**Your assignment:** Write out nothing but the lines from the one containing "Gray Victorian Queen" through the last line below, both included, and without the pictures.

Provided records Block Start

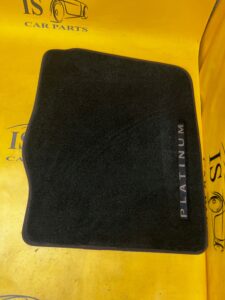 KPL DYWANIKI WYCIERACZKI WELUROWE PLATINUM FORD EXPLORER VI MK6 EU NOWE OEM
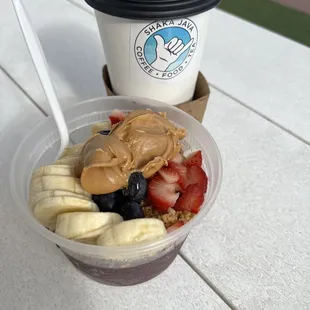 Açaí bowl and coffee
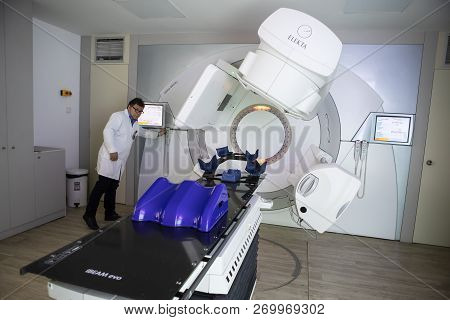 Linear Accelerator Technology Imrt, Igrt, Vmat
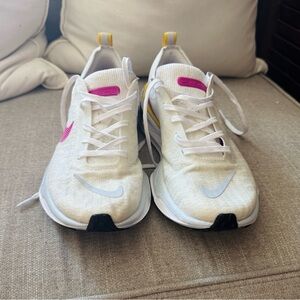 Nike invincible run 3 White and Pink Athletic Sneakers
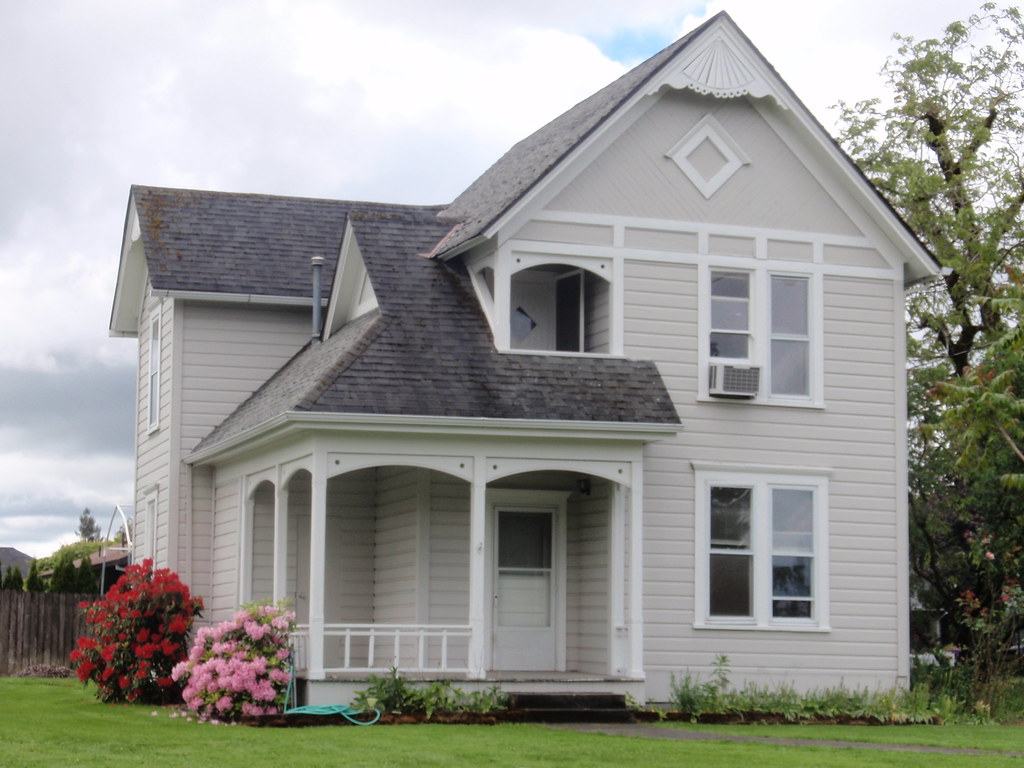 Gray Victorian Queen Anne house, Canby, Oregon I think thi… Flickr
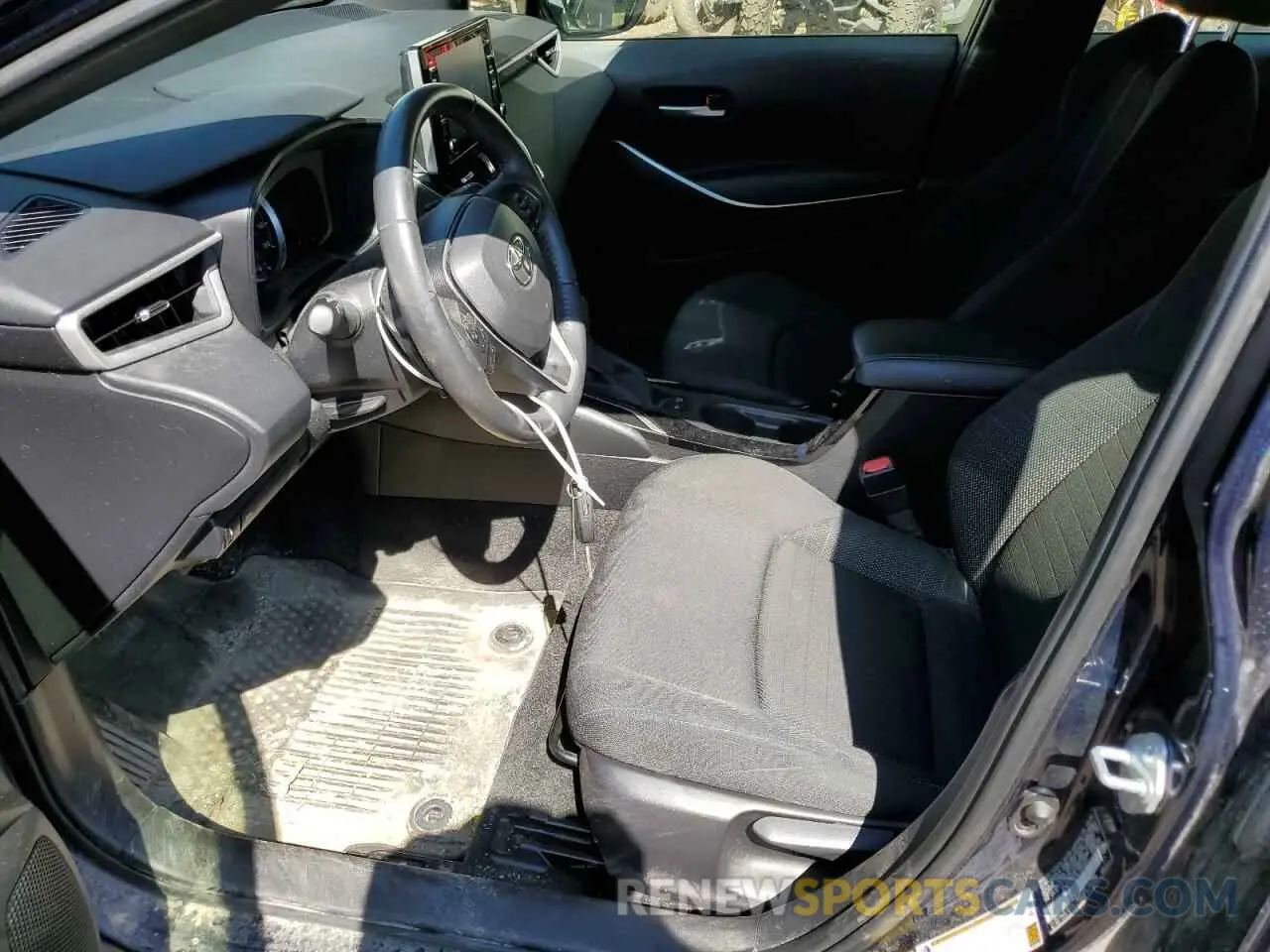 7 Photograph of a damaged car JTDS4RCE9LJ052833 TOYOTA COROLLA 2020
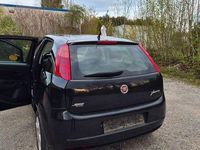 Gebraucht Fiat Punto Pop 69 PS (50 kW) 2013 Schwarz Kleinwagen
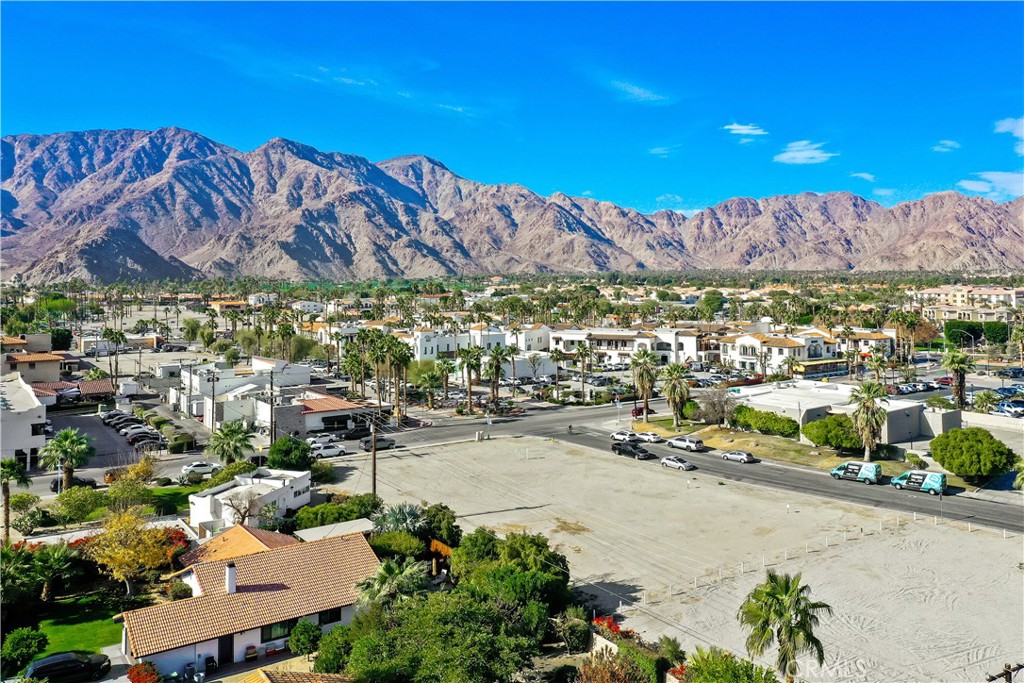 La Quinta Village - Land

Provided records Block End

**Task output:**
 Gray Victorian Queen Anne house, Canby, Oregon I think thi… Flickr
 7 Photograph of a damaged car JTDS4RCE9LJ052833 TOYOTA COROLLA 2020
 Gebraucht Fiat Punto Pop 69 PS (50 kW) 2013 Schwarz Kleinwagen
 La Quinta Village - Land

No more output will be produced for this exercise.